Scott Emmons comments on Image Hijacks: Adversarial Images can Control Generative Models at Runtime

Scott Emmons 22 Sep 2023 20:45 UTC
6 points
0
One needs to be very careful when proposing a heuristically-motivated adversarial defense. Otherwise, one runs the risk of being the next example in a paper like this one, which took a wide variety of heuristic defense papers and showed that stronger attacks completely break most of the defenses.
In fact, Section 5.2.2 completely breaks the defense from a previous paper that considered image cropping and rescaling, bit-depth reduction, and JPEG compression as baseline defenses, in addition to new defense methods called total variance minimization and image quilting. While the original defense paper claimed 60% robust top-1 accuracy, the attack paper totally circumvents the defense, dropping accuracy to 0%.

If compression was all you needed to solve adversarial robustness, then the adversarial robustness literature would already know this fact.

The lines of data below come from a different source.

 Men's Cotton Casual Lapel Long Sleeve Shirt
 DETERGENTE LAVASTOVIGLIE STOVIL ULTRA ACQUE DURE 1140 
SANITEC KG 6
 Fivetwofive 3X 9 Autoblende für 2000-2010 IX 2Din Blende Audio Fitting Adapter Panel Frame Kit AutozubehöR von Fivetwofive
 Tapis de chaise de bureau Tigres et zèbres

My current understanding is that an adversarial defense paper should measure certified robustness to ensure that no future attack will break the defense. This paper gives an example of certified robustness. However, I’m not a total expert in adversarial defense methodology, so I’d encourage anyone considering writing an adversarial defense paper to talk to such an expert.

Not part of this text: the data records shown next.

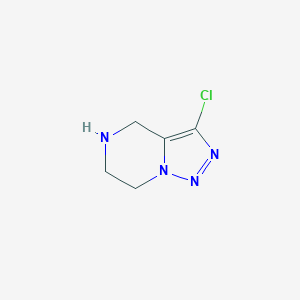 3-Chloro-4,5,6,7-tetrahydro-[1,2,3]triazolo[1,5-a]pyrazine - 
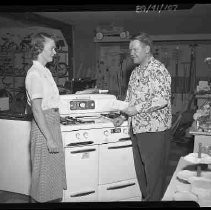 Man and woman in hardware store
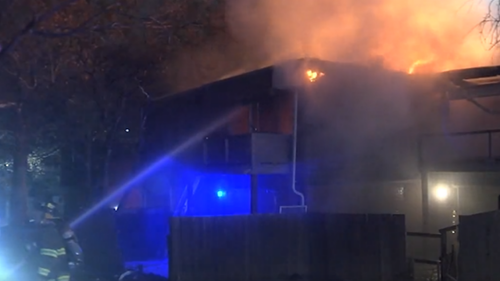 One missing, firefighter injured in Overland Park apartment fire early Thursday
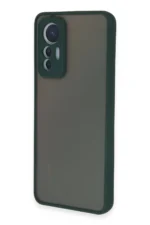 Uray store Xiaomi Mi 12 Lite Kılıf Montreal Silikon Kapak - Yeşil - Görsel 2
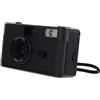 UKCOCO Macchina Fotografica Vintage a Pellicola 35mm, Riutilizzabile, Flash Incorporato, Corpo in Abs Nero, senza Batteria per Fotografia Analogica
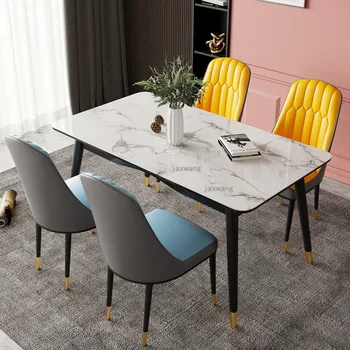 Столовые наборы, комбинированные столовые наборы, обеденные столы из скандинавского роскошного дерева для кухонной мебели, современный обеденный стол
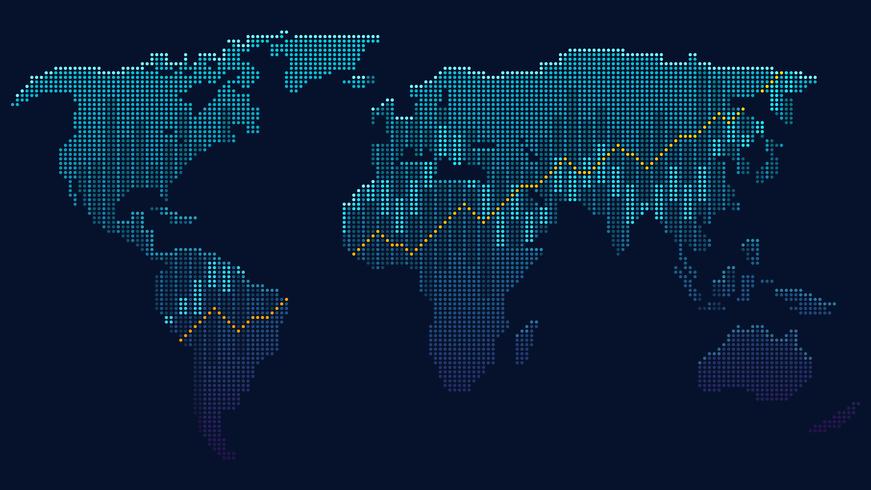 Globalt nätverk vektor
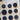 Vintage Button Collection - Plastic Navy Blue, Sew-Through, Size Large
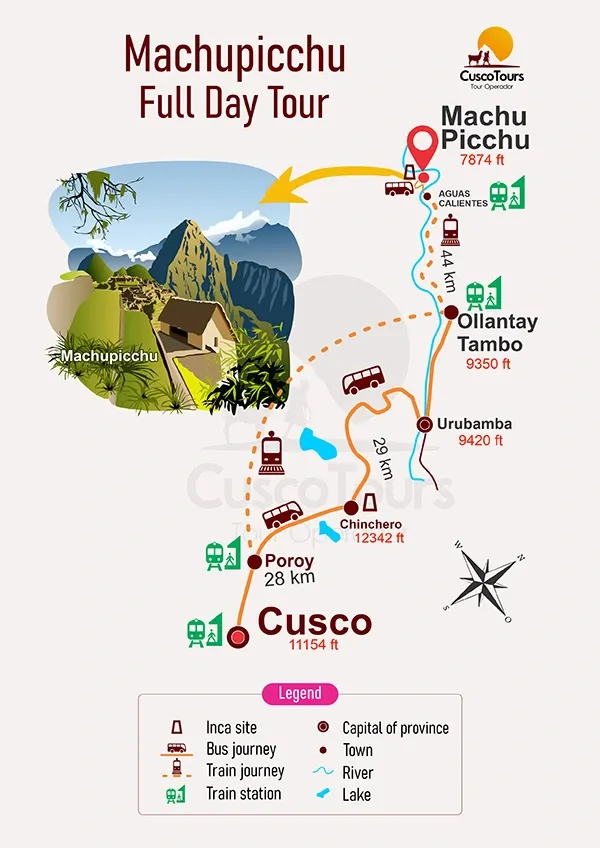 map tour machupicchu full day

- Tao Lin 22 Sep 2023 21:04 UTC
  3 points
  −1
  Parent
  I would bet money, maybe $2k, that I can create a robust system using a combination of all the image compression techniques I can conveniently find and a variety of ml models with self consistency that achieves >50% robust accuracy even after another year of attacks Edit: on inputs that don’t look obviously corrupted or mangled to an average human
  - Martin Randall 23 Sep 2023 11:42 UTC
    3 points
    0
    Parent
    In how many months?